[ACTIVITY]
Beginning with the line of the entries below that holds "骨质疏松模型 知乎 骨质疏松模型 知乎" and ending with the line that holds "След нелепата смърт", transcribe each line exactly as written. Pictures stay out.

------ THE DATA ------

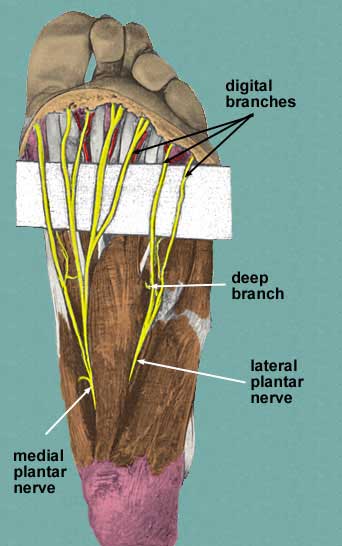 Mortonse neuralgie is een zenuwbeknelling onder de voet.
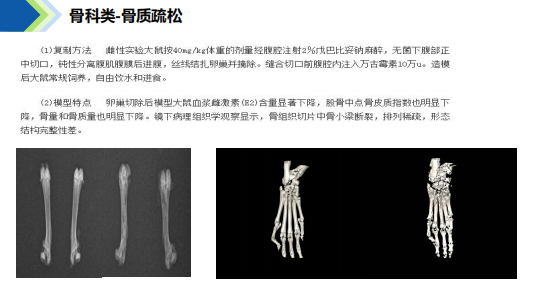 骨质疏松模型 知乎 骨质疏松模型 知乎
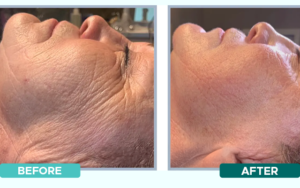 BEFORE AFTER 3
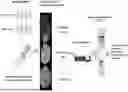 Fig. 01 - BIOMARKER FOR PREDICTING IMMUNOTHERAPEUTIC RESPONSIVENESS BASED ON SPATIAL TRANSCRIPTOME ANALYSIS AND USES THEREOF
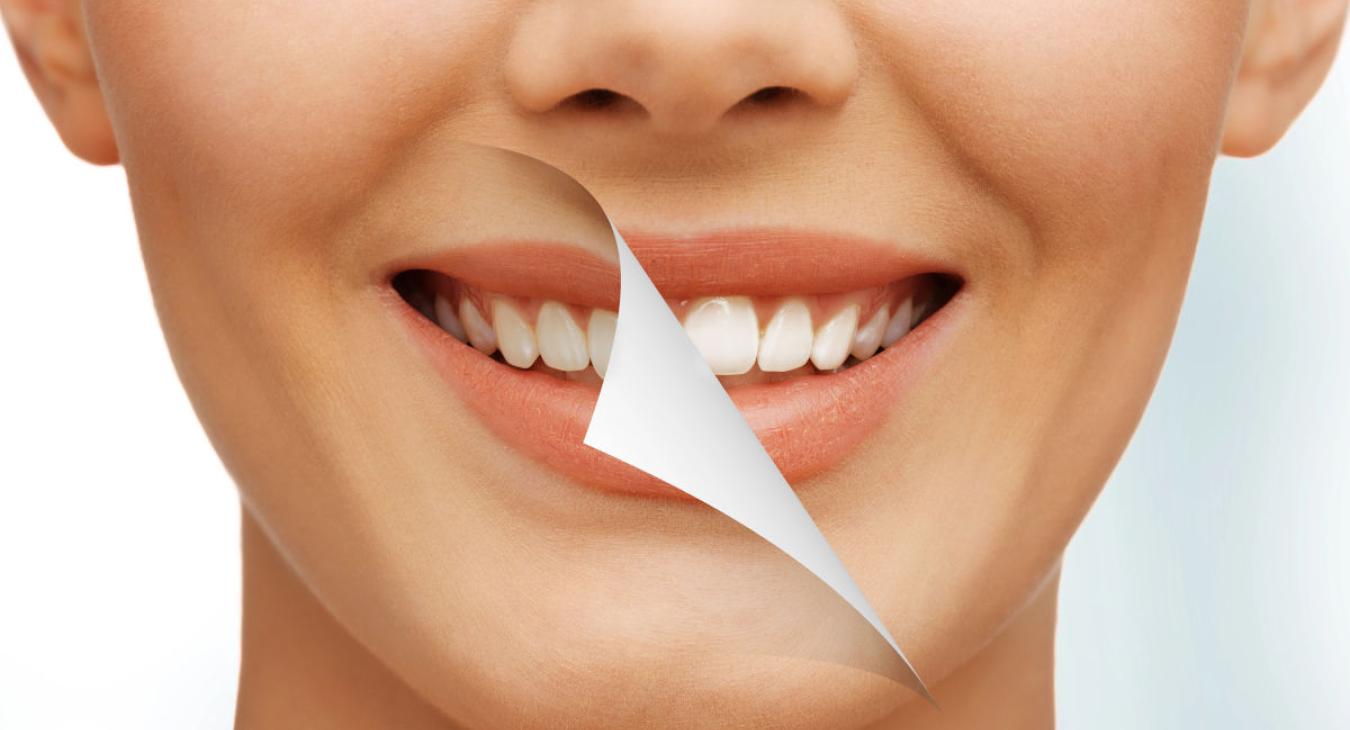 Blanchiment dentaire : comment avoir les dents blanches ?
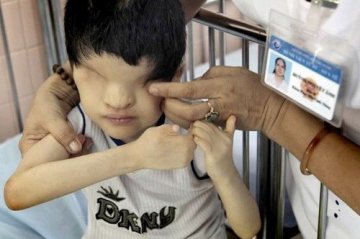 越战遗毒二噁英：80克毒剂可使80万人死亡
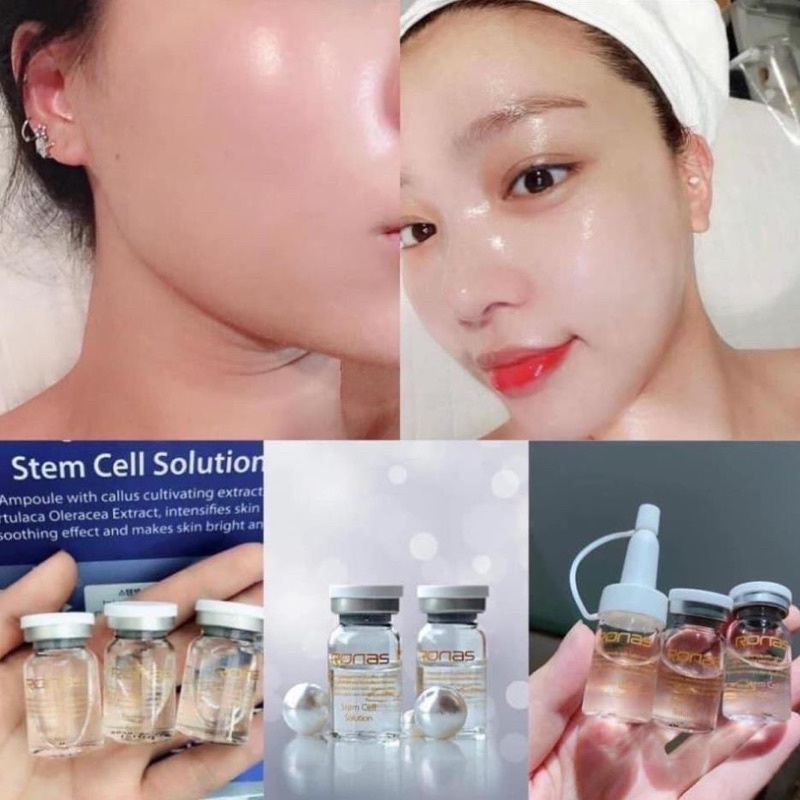 Tế Bào Gốc Ronas Chính Hãng - Bao Check Mã Vạch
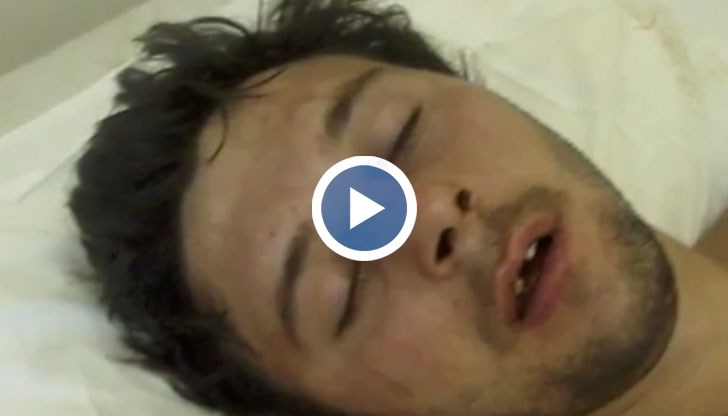 След нелепата смърт на 17-годишния Алекс от Бяла заради една цигара, едно момче от Смолян с подобна история успя да се справи с тежките физически травми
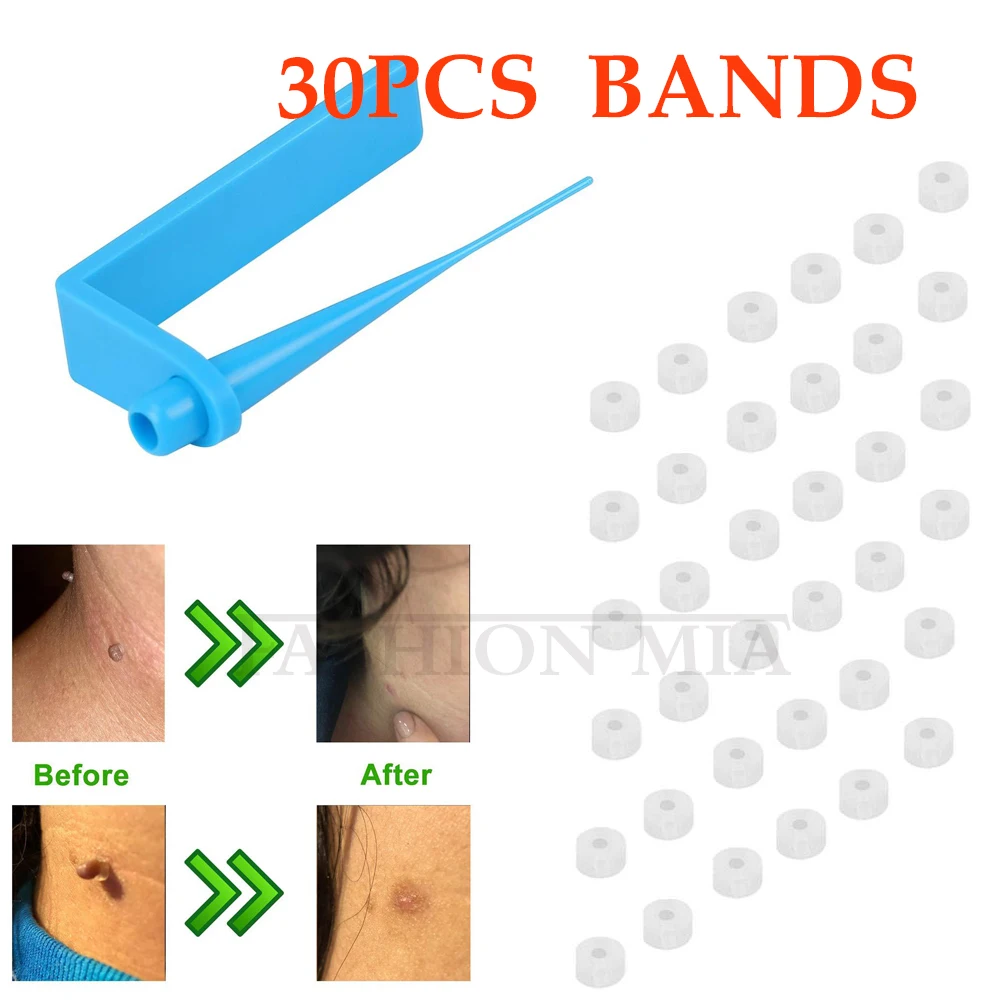 skin tag remover Rubber bands for micro Skin tag remover wart Remove
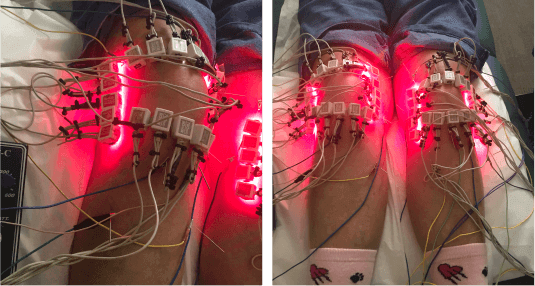 knee-pain-light-therapy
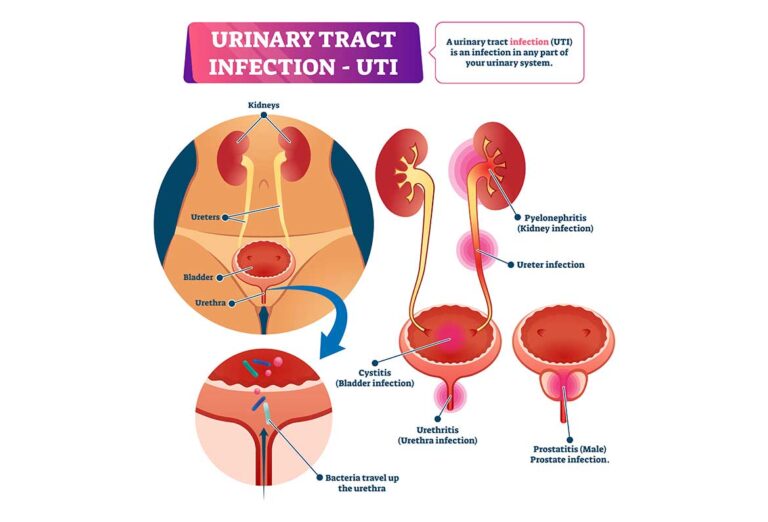 O femeie din două va avea, de-a lungul vieții, cel puțin un episod de infecție urinară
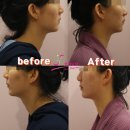 경락마사지 이미지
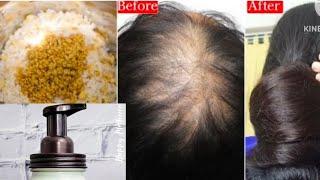 Try this amazing serum for your hair growth,dandruff || Get smooth hair & fast hair growth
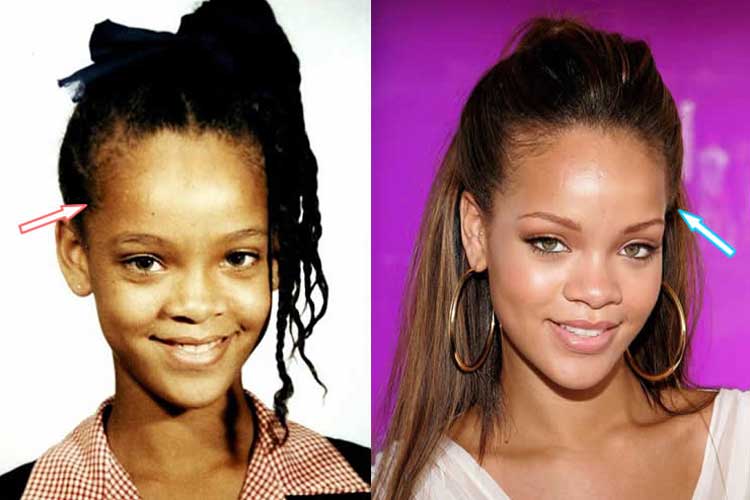 Rihanna Plastic Surgery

------

[THE COMPLETED TASK]
 骨质疏松模型 知乎 骨质疏松模型 知乎
 BEFORE AFTER 3
 Fig. 01 - BIOMARKER FOR PREDICTING IMMUNOTHERAPEUTIC RESPONSIVENESS BASED ON SPATIAL TRANSCRIPTOME ANALYSIS AND USES THEREOF
 Blanchiment dentaire : comment avoir les dents blanches ?
 越战遗毒二噁英：80克毒剂可使80万人死亡
 Tế Bào Gốc Ronas Chính Hãng - Bao Check Mã Vạch
 След нелепата смърт на 17-годишния Алекс от Бяла заради една цигара, едно момче от Смолян с подобна история успя да се справи с тежките физически травми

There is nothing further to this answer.